As more book sales migrate online, publishers and their trading partners are increasingly focused on discovery—making sure that readers are aware of and able to access books that meet their interests and needs.

Publishers are particularly challenged to devise a better way to improve consumer discovery because Onix, the metadata standard they currently use, was developed to inform trading partners (such as retailers and distributors) about their titles. That same metadata has been adapted to help consumers find books online, but it is not structured in a way that works well on the Web.

That’s a problem the Book Industry Study Group is trying to solve. A BISG metadata working group is developing recommendations for building Web pages with rich linked metadata that will improve book discoverability. The group is using a vocabulary created and maintained by Schema.org, a nonprofit whose work is sponsored by Google, Microsoft, Yahoo, and Yandex, a Russian Internet company that operates the largest search engine in that country. Schema.org is charged with creating, maintaining, and promoting frameworks for structured data on the Internet, on Web pages, and even in email messages.

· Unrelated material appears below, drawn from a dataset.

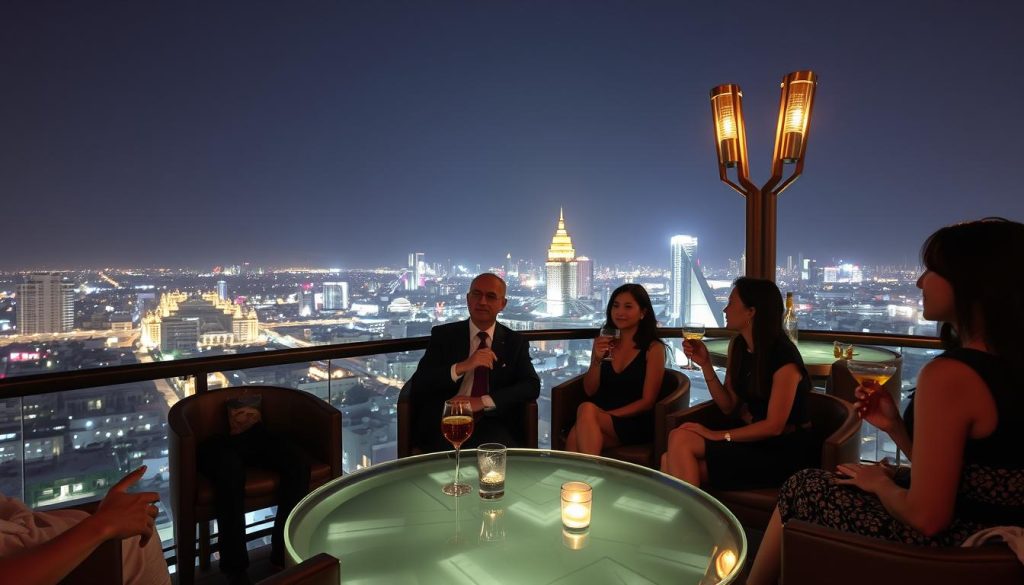 Elegant rooftop bar in Phnom Penh with city skyline views and well-dressed patrons enjoying cocktails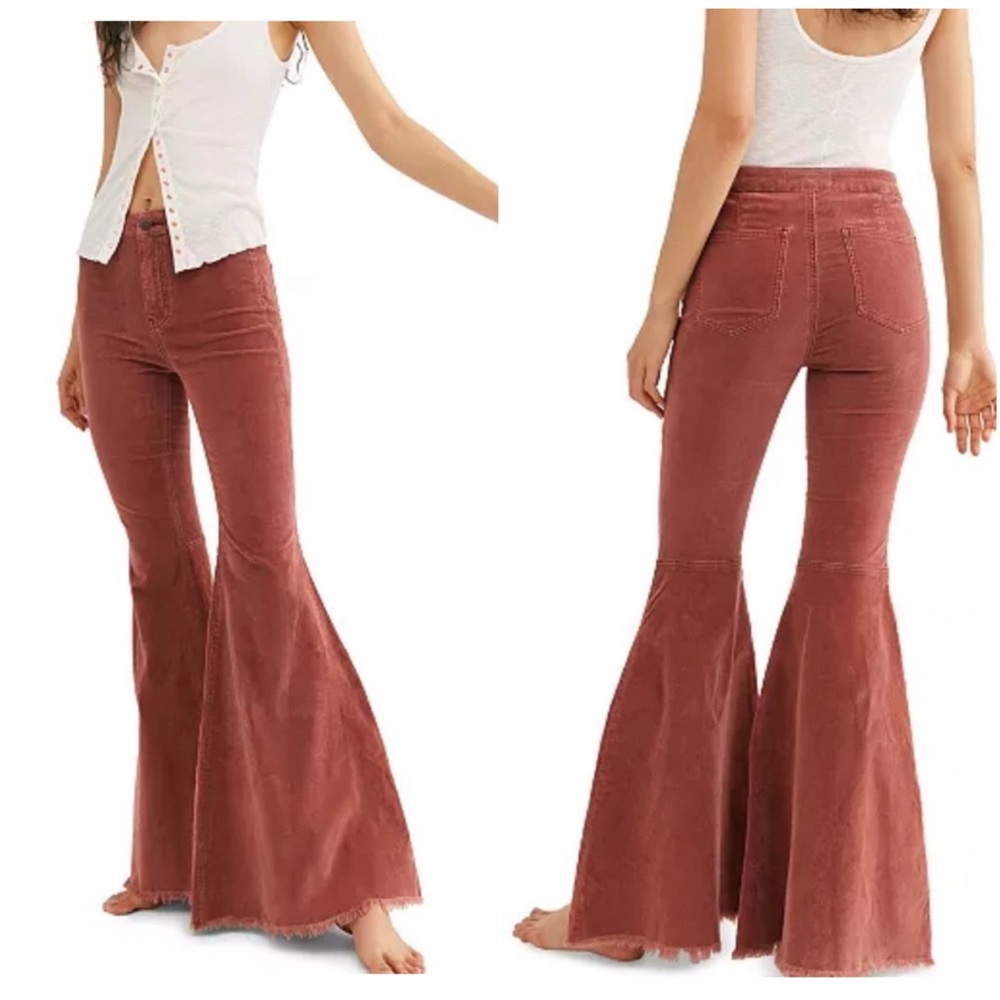 Free People Just Float On Flare Corduroy Pants Extreme Flare Russet Acorn 31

BISG says its working group is “focused on identifying relationships between key Onix elements and Schema.org” to enhance the discoverability of books in Web browsers. The group is also working to create an Onix-to-Schema.org mapping to facilitate re-purposing existing metadata.

The BISG working group is chaired by Graham Bell, who is also executive director of Editeur, the organization that oversees the Onix standard. Within BISG, Bell has been working with a small group of publishing volunteers to answer two questions: What metadata is most useful for discovery, and what’s the best way to map metadata to the components of Schema.org? The result of their efforts will be a BISG white paper that explains how book publishers can use Schema.org to improve the way that books are discovered online.

Bell sees the BISG work as “very relevant to solving the problems publishers face [with discovery].” He says, “It provides a pragmatic way to get search engines, and ultimately readers, to notice Web pages and the books those Web pages describe.”

The Onix standard does describe books in structured ways, but the structure was developed and has been refined outside of the work done to improve search and discovery on the Web. This is natural: the bulk distribution of Onix data, typically in feeds, serves wholesalers and retailers, not individual consumers.

There’s no need to replace Onix, which serves a critical role in the book industry supply chain. The BISG working group is mapping Onix data to the standards already published by Schema.org, so that publishers can take advantage of the same discovery tools that guide Web content structures in other industries. Along the way, the working group has found some book-specific gaps, such as accounting for international rights. Within the Schema.org standard, there is currently no clear path to describe international rights, as such rights are more or less unique to publishing.

Elements can be added to Schema.org, but sometimes this requires negotiating with the organization. Schema.org is effectively a proprietary standard, and the BISG committee continues to explore what it will need to do to ensure that Schema.org supports the specific interests of book publishing.

In practice, this means that publishers will likely see a progressive implementation of Schema.org standards. Once the working group releases its findings, publishers will be able to present many elements of the Onix standard as rich linked metadata. As the Schema.org standard evolves, so too will the functionality offered to book publishers.

Bell says that the working group efforts could provide publishers with a fairly sophisticated strategy for search engine optimization. Noting that “well-structured metadata scores more highly” in search engine results, he adds that the working group is operating “where metadata meets the Web.” These days, that’s where books meet the Web as well.